In summary the use of electromagnetic weapons against leadership and C3 targets is highly profitable, in that a modest number of weapons appropriately used can introduce the sought state of strategic paralysis, without the substantial costs incurred by the use of conventional munitions to achieve the same effect.

Essential economic infrastructure is also vulnerable to electromagnetic attack. The finance industry and stock markets are almost wholly dependent upon computers and their supporting communications. Manufacturing, chemical, petroleum product industries and metallurgical industries rely heavily upon automation which is almost universally implemented with electronic PLC (Programmable Logic Controller) systems or digital computers. Furthermore, most sensors and telemetry devices used are electrical or electronic.

Attacking such economic targets with electromagnetic weapons will halt operations for the time required to either repair the destroyed equipment, or to reconfigure for manual operation. Some production processes however require automated operation, either because hazardous conditions prevent human intervention, or the complexity of the control process required cannot be carried out by a human operator in real time. A good instance are larger chemical, petrochemical and oil/gas production facilities. Destroying automated control facilities will therefore result in substantial loss of production, causing shortages of these vital materials.

Manufacturing industries which rely heavily upon robotic and semiautomatic machinery, such as the electronics, computer and electrical industry, precision machine industry and aerospace industries, are all key assets in supporting a military capability. They are all highly vulnerable to electromagnetic attack. Whilst material processing industries may in some instances be capable of function with manual process control, the manufacturing industries are almost wholly dependent upon their automated machines to achieve any useful production output.

Historical experience [14] suggests that manufacturing industries are highly resilient to air attack as production machinery is inherently mechanically robust and thus a very high blast overpressure is required to destroy it. The proliferation of electronic and computer controlled machinery has produced a major vulnerability, for which historical precedent does not exist. Therefore it will be necessary to reevaluate this orthodoxy in targeting strategy.

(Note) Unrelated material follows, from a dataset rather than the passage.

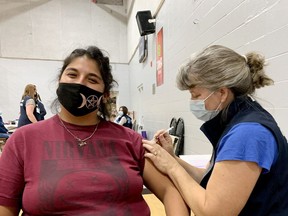 Julia Bremner, left, gets her first dose of COVID-19 vaccine from public health nurse Erin McLean at a Leeds, Grenville and Lanark District Health Unit pop-up clinic at the Brockville YMCA facility on Wednesday. (RONALD ZAJAC/The Recorder and Times)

The finance industry and stock markets are a special case in this context, as the destruction of their electronic infrastructure can yield, unlike manufacturing industries, much faster economic dislocation. This can in turn produce large systemic effects across a whole economy, including elements which are not vulnerable to direct electromagnetic attack. This may be of particular relevance when dealing with an opponent which does not have a large and thus vulnerable manufacturing economy. Nations which rely on agriculture, mining or trade for a large proportion of the their gross domestic product are prime candidates for electromagnetic attack on their finance industry and stock markets. Since the latter are usually geographically concentrated and typically electromagnetically "soft" targets, they are highly vulnerable.

In summary there is a large payoff in striking at economic essentials with electromagnetic weapons, particularly in the opening phase of a strategic air attack campaign, as economic activity may be halted or reduced with modest expenditure of the attacker's resources. An important caveat is that centres of gravity within the target economy must be properly identified and prioritised for strikes to ensure that maximum effect is achieved as quickly as possible.

Transport infrastructure is the third ring in the Warden model, and also offers some useful opportunities for the application of electromagnetic weapons. Unlike the innermost rings, the concentration of electronic and computer equipment is typically much lower, and therefore considerable care must be taken in the selection of targets.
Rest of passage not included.